Security Alarm Sounded on Gmail and IE

Security vendor Cenzic has issued an advisory warning against alleged vulnerabilities in Google’s Gmail and Microsoft’s Internet Explorer.

The vulnerabilities involve potential Cross-site Request Forgery (CSRF) and Cross Site Scripting attacks that could be used to take users’ information.

In the case of Gmail, Cenzic alleges that the CSRF exists for addresses that display attachments. With Microsoft’s IE, the company said the problem is with how caching occurs which could lead to a XSS attack. Cenzic alleges that the user’s cache could be exploited across shared accounts on the same PC.

“Google takes security issues very seriously and will respond swiftly to fix verifiable security issues,” Google responded in an e-mail reply to about the report. “When properly notified of legitimate issues, we do our best to acknowledge every report, assign resources to investigate them, and fix potential problems as quickly as possible.”

The Google statement went on to downplay the issue that Cenzic described in its advisory.

“In this case, a malicious user (even a non-administrator) using a shared computer could alter the environment (in this scenario, modify data in the local browser cache) to make it hostile for all subsequent users,” Google stated. “But this is not specific to Gmail or Google products — a malicious user could exploit a shared computer any number of more direct ways, e.g. by installing a user-mode keylogger.”

Mark Miller, director of security response for Microsoft, noted that Microsoft is investigating new public claims of a possible vulnerability in Internet Explorer.
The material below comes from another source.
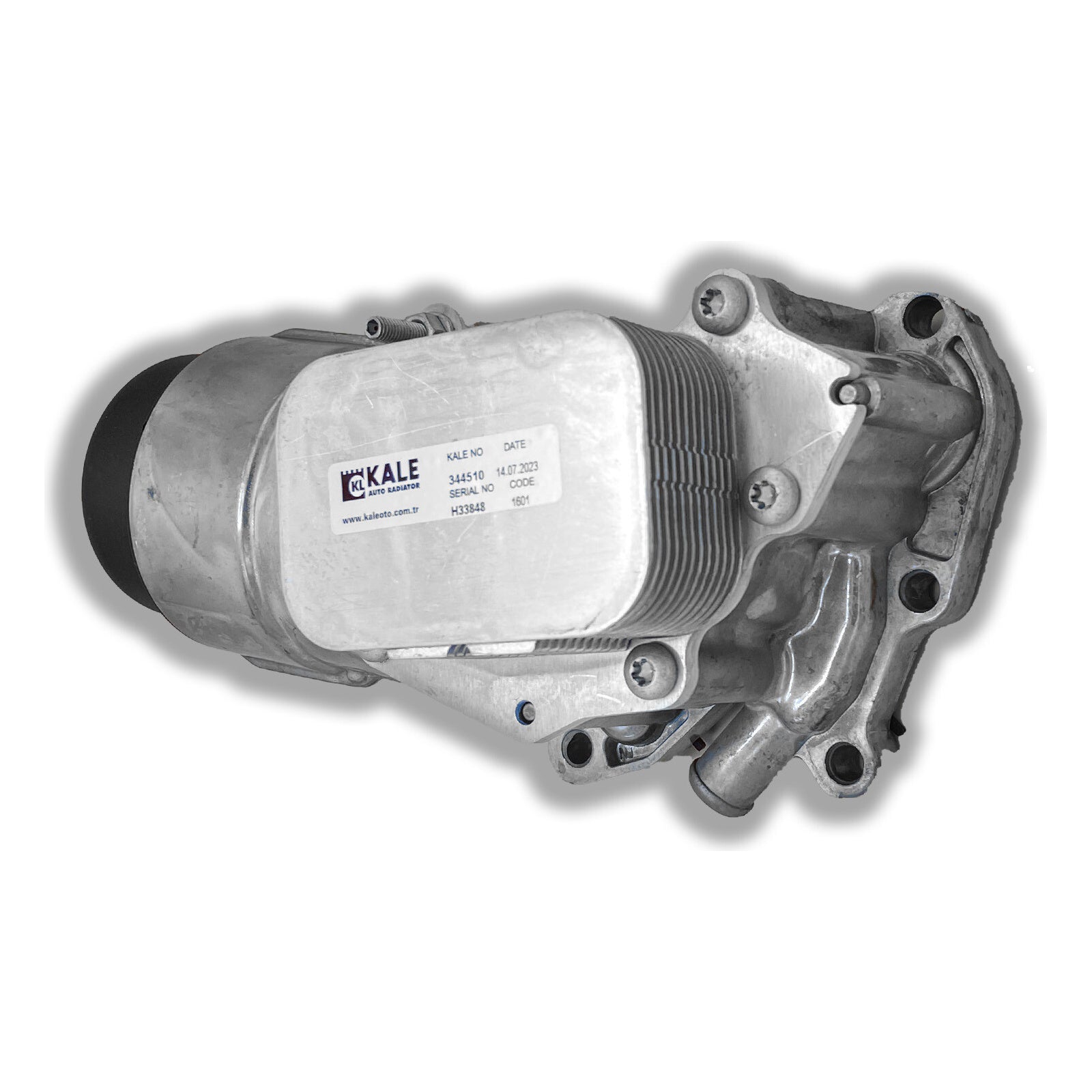 OIL COOLER & GASKET 1.6 1.4 TDCi FORD FOCUS, CMAX, FIESTA 90-110 PS 1103N9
Microsoft similarly downplayed the severity of Cenzic’s alleged vulnerability.

“We’re currently unaware of any attacks trying to use the claimed vulnerability or of customer impact,” Miller wrote.

Miller did not directly name Cenzic in the e-mail though a Microsoft spokesperson confirmed that the statement was sent in reference to a query made by about Cenzic’s allegations.
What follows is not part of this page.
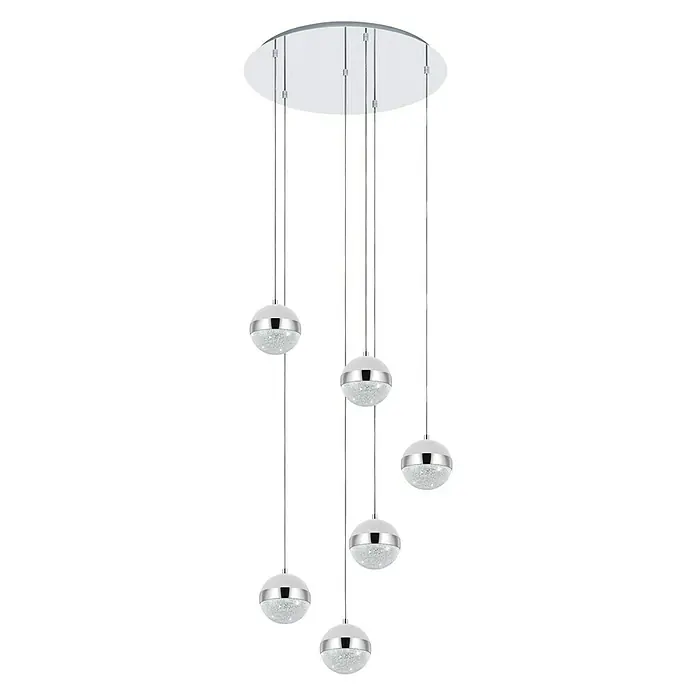 Eglo LED-Pendelleuchte Licoroto - Höhe: 150 cm - Vorderansicht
“Microsoft has thoroughly investigated the claim and found that this is not a product vulnerability. In the scenario in question an attacker would need authenticated access to the system in order to modify files located in the cache. With that level of access, an attacker could install malicious programs that would have more impact than the scenarios described.”

Mandeep Khera, VP of marketing at Cenzic explained to that Cenzic followed its responsible vulnerable disclosure policy and notified both vendors over 4 weeks ago. In his opinion both vendors were very responsive and replied immediately.

Khera noted that he was currently unaware of any exploits in the wild for the discovered issues. He admitted however that there might be many cases of this that have never been reported.

“Google and Microsoft don’t believe the problem is very serious since an attacker requires access to the physical machine,” Khera said. “However, Cenzic believes that this problem can be serious for shared computers at Airport Kiosks, Internet Cafes, and other public places where the machines are shared.”

So what should end users do to protect themselves? According to Khera, Cenzic is advising all consumers who use shared machines to disable browser caching when they are accessing a public machine.

“This will make the experience less user-friendly but at least it’s safer.”